第178話 たわごと

 まずい。

 回避が間に合わない。


 仕方ない、ベロー兄弟にやった、アレを使うか。

 両腕を上げ、交差するように組み、硬化してブロックする。


 大きなハンマーで、金属の板をぶっ叩いたような、硬く激しい音がした。


 ブロックしたというのに、凄まじい衝撃。

 俺は、部屋の壁までぶっ飛ばされてしまう。


 ぐえっ。

 背中を打っちまった。


 でも、なんとか致命的なダメージは防ぐことができたぞ。


 それに俺より、ジョンの方がダメージが大きいはずだ。

 これだけの腕力で、硬化した俺の腕を叩いたんだからな。

 拳の骨がグシャグシャに砕けていてもおかしくない。


 しかし、俺の予想に反して、ジョンは平然としていた。

 いや、少しは驚いているようだ。


 自分の大きな拳と、俺の腕を見比べて、しきりに首を捻っている。

 そして、口を開いた。


「おめえ、腕に鉄板でも入れてるのか?」


 その聞き方が、なんだかユーモラスで、俺は少し吹き出してしまう。

 腕を叩いたら硬かったので、鉄板でも入っているのかと思ったとは、なんとも素直な考え方だ。

 俺は唇の端を吊り上げて、戯言たわごとうそぶいた。


「そうさ。
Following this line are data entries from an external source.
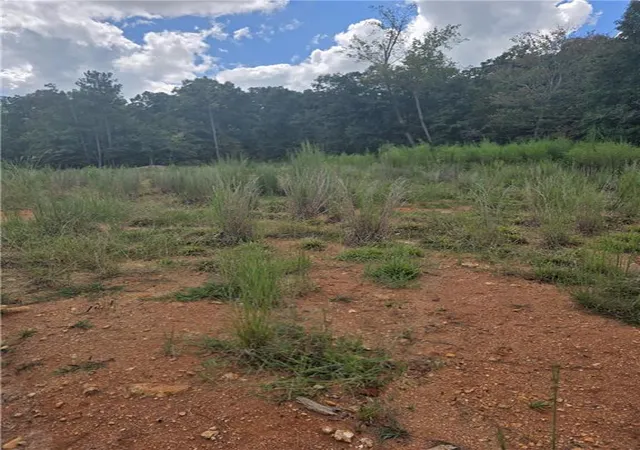 Land for sale at 888 Forrester Cemetery Rd, Covington, GA 30014 | MLS# 7834987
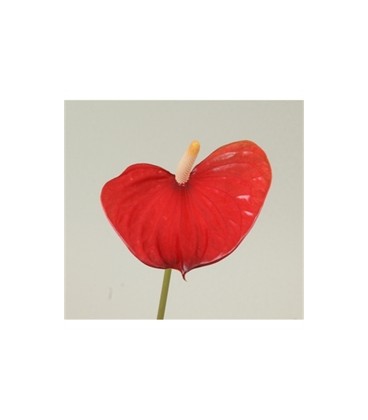 Anthurium Red love x 10
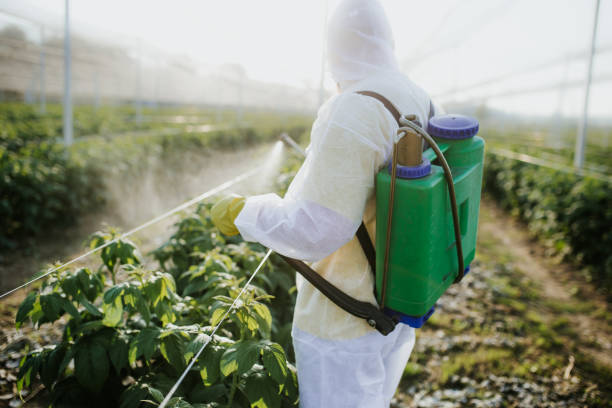 Professional Pest Control in Palermo, CA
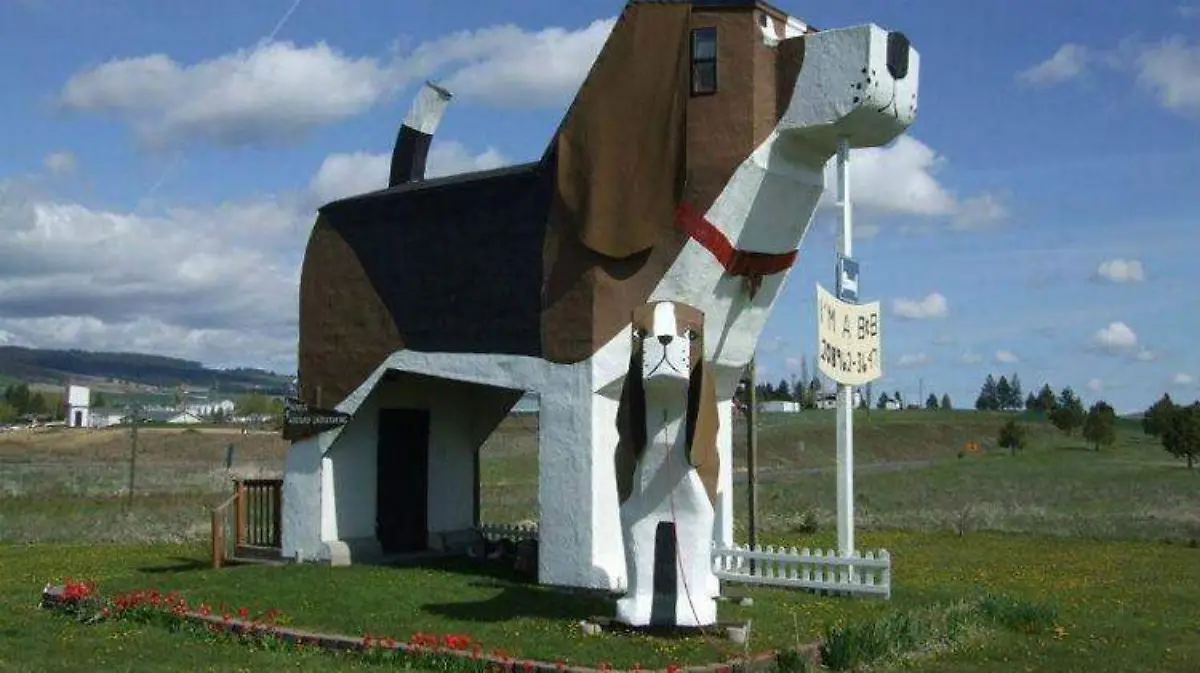 Hotel-curioso-dogbarkpark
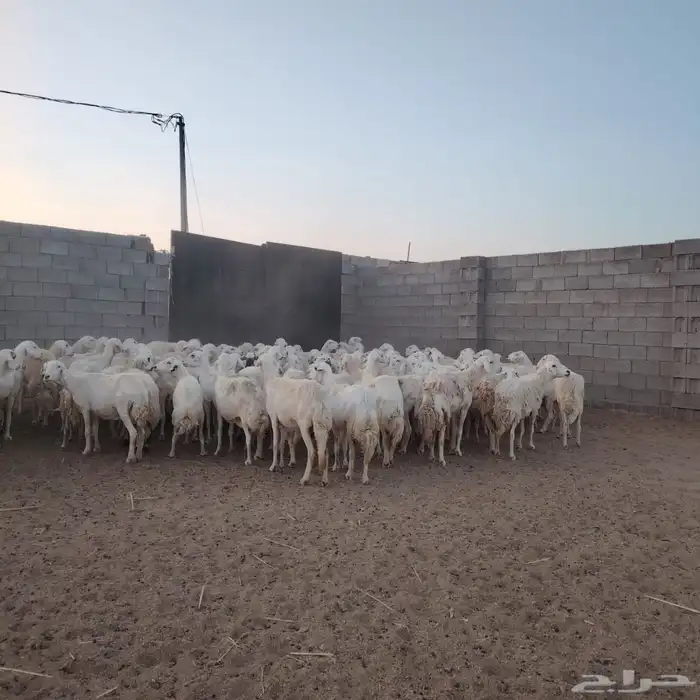 للبيع ضان حريات غنم مرعئ نضيفه ودفيع والبيع جمله وتفريد 7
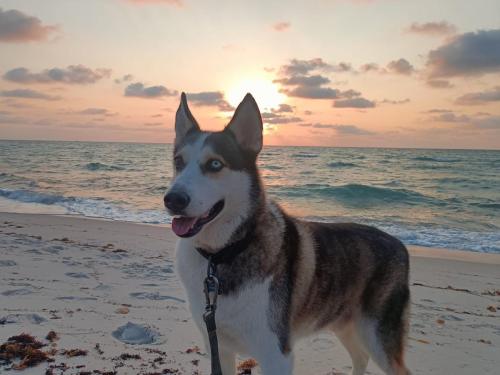 Lost Male Dog last seen SE 8th street Dania Beach, Fl, Dania Beach, FL 33004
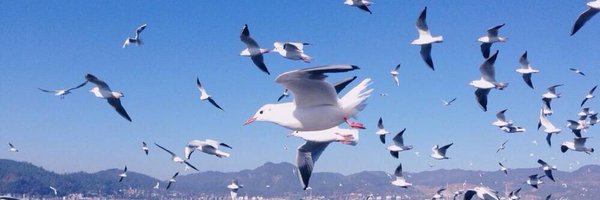 yuu90072 Profile Banner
ちょいと手術してね。腕に強化金属を仕込んである。俺のこと、ただの小娘だと舐めない方がいいぜ」


 もちろん嘘である。

 ただ、こんな嘘でも信じてくれれば、奴は容易に俺へ近寄ってこなくなるかもしれない。

 それで、中距離の間合いを保てば、一瞬の油断を突いて、奴の攻撃範囲の外から白銀の刃をぶち込むことができる。


 ジョンは、感心したように唸った。


「ほおぉ。その若さで、人体改造手術をしてるとはね。たいしたもんだ。いや、たまにいるんだよな。強くなるために、自分の体をいじくりまわしてるような、いかれた奴がね」


 今度は、俺が感心する番だった。

 嘘から出たまことと言うべきか、世の中には、マジで腕に鉄板でも入れてるような奴がいるのか。


 本当にいかれてやがるな。まったく。

 しかし、ジョンが俺の嘘を真に受けてくれたのは良い兆候だ。


 他にも、体のどこかを強化改造しているかもしれないと警戒して、そうそう突撃はしてこないだろう。
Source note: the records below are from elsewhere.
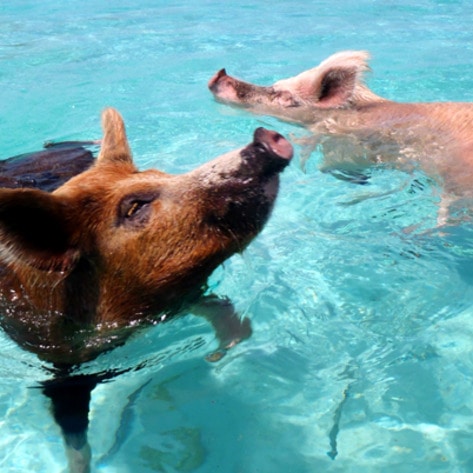 5 Things I Learned While Living on an Island with Pigs and Chickens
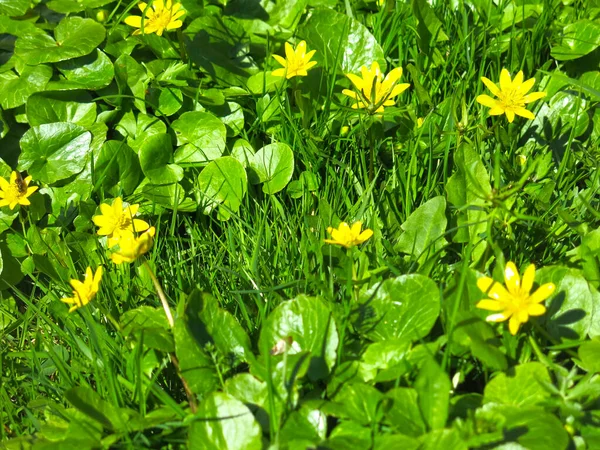 Mérgező Tavaszi Chistyak Ficaria Verna Sárga Virágokkal Virágzik — Stock Fotó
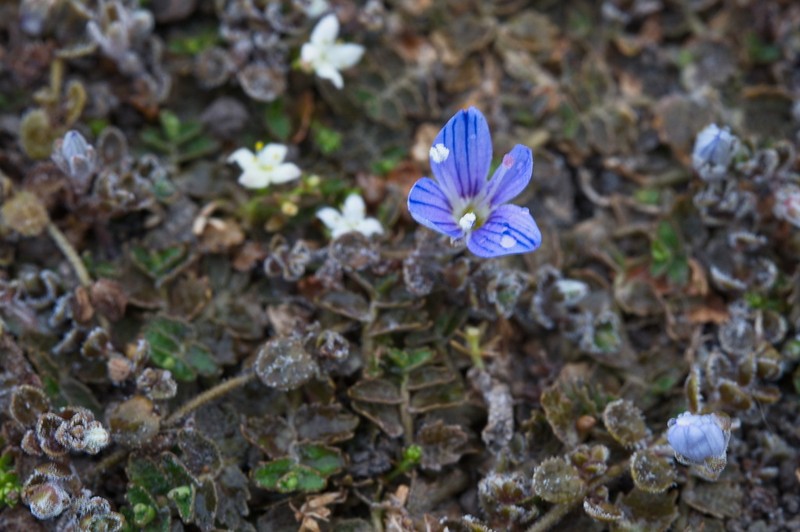 Veronica lilliputiana photo 3
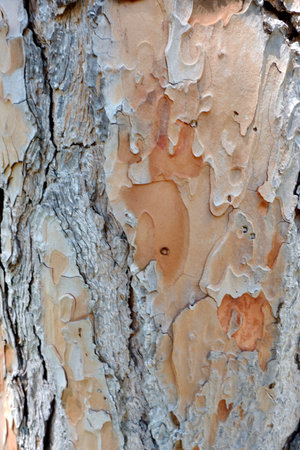 Bark of aged pine tree growing outsideの写真素材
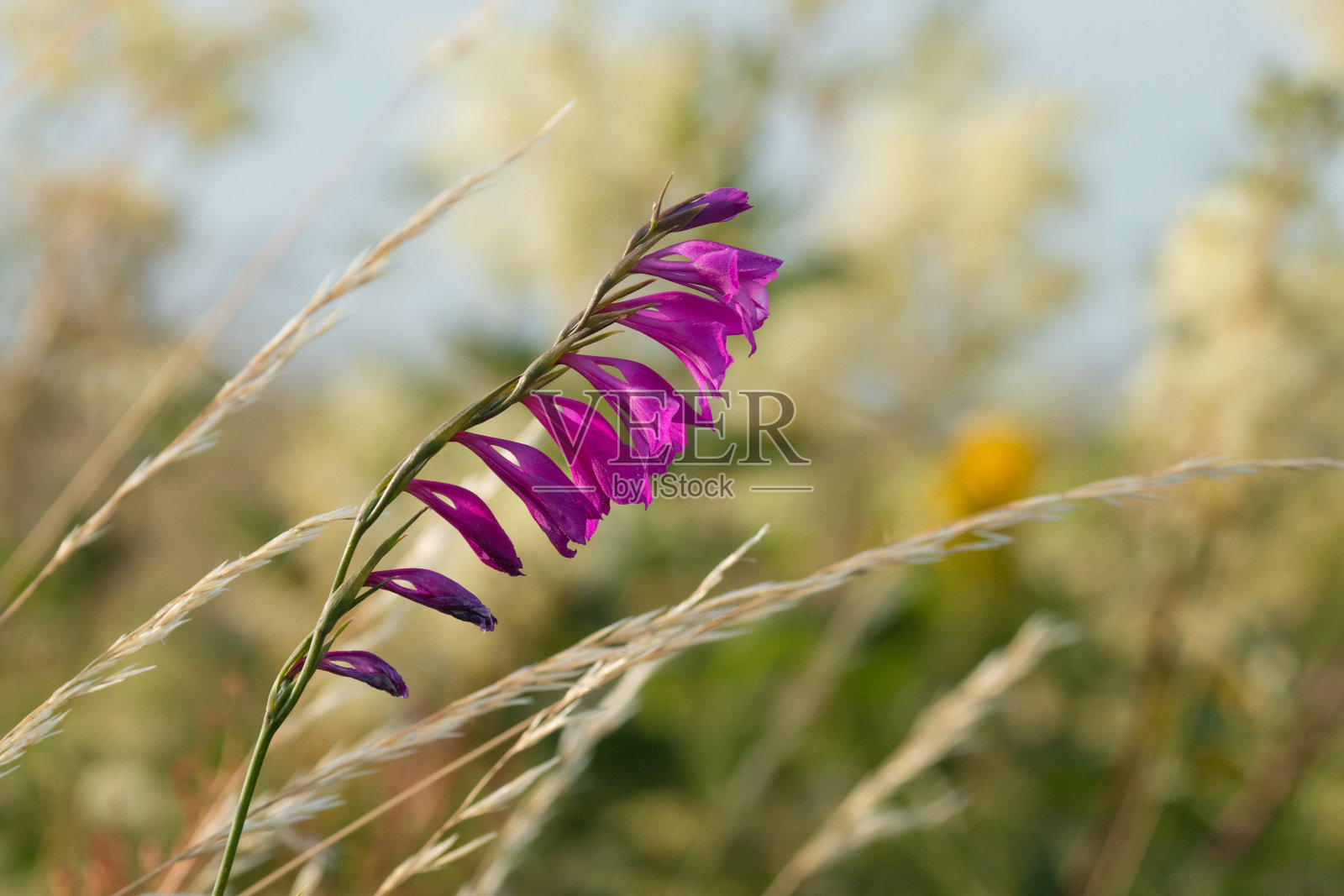 剑兰属的一种,剑兰在爱沙尼亚的沿海草地上开花照片摄影图片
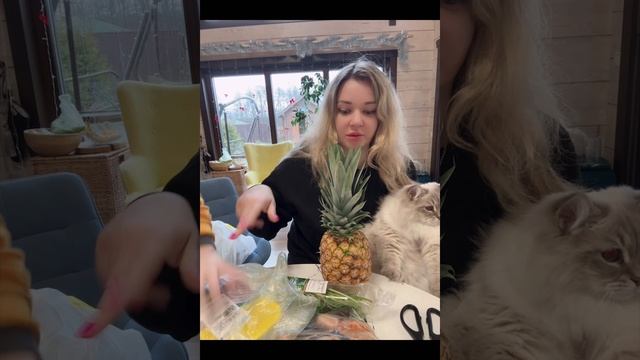 Распаковка чек обзор! 🛍️ мукбанг влог болталка 😜 едим ананас 🍍🙀 Платон охотится на птиц смотреть онлайн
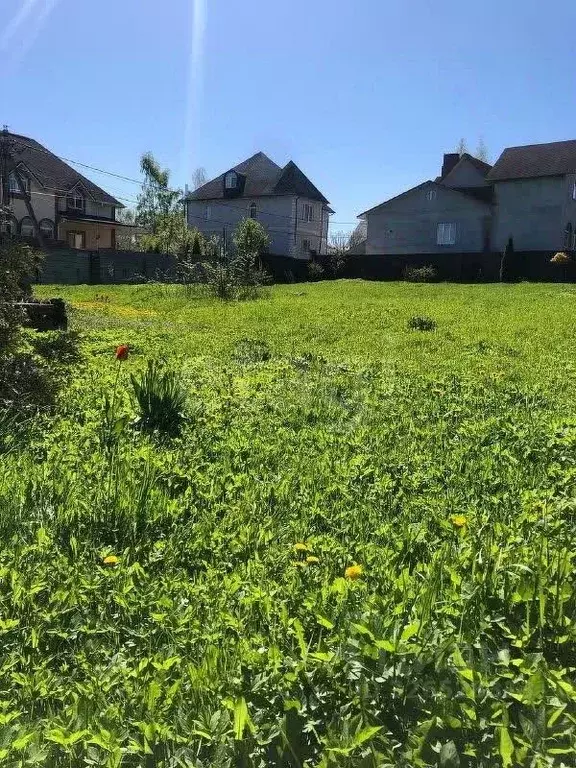 Участок в Москва Язово СНТ, 366с1 (4.0 сот.) - Фото 2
 ジョンは、先程よりは少し気持ちが落ち着いたのか、朗らかに言葉を続ける。


「あと、一つ言っておくがね。俺は別に、お嬢ちゃんを舐めちゃいないよ」

「へえ。そうなのかい」

「そこに転がっているベロー兄弟は、一人一人では武術家として二流だが、兄弟そろって戦う時は、かなり強い。そんなこいつらを、二人まとめてやっちまったんだ。お嬢ちゃん、何か奥の手を隠してるだろう?」

「さあね」


 さあねと言ったが、内心ドキリとした。


 これが経験の差か。

 俺が隙をついて白銀の刃を使おうとしているのは、とっくにお見通しのようだ。


 いや、待て待て。

 奴の言葉に乗せられるな。

 俺が何か大技を使ってくるだろうとは予想しているが、それが、鞭のように鋭くしなって、3メートルも伸びてくるパンチだとは想像できないはずだ。


 落ち着け。

 深呼吸。

 慌てたり、焦ったりしちゃいけないが、長期戦になることは避けたい。


 ジョンの素早く強力なパンチをかわし続けるのは至難のわざだし、腕か足を一度でも掴まれてしまえば、見るからにたくましい奴の腕力で、骨を折られるか、あるいは投げ飛ばされるか、まあ、あまり想像したくない目に遭うことは明白である。


 その時、ジョンがつまづいた。

 床に置きっぱなしになっていた酒瓶にだ。


「おっとっと。いけねえ。掃除はちゃんとしておかねえとな」


 わざとらしい。

 俺の攻撃を誘うための演技か。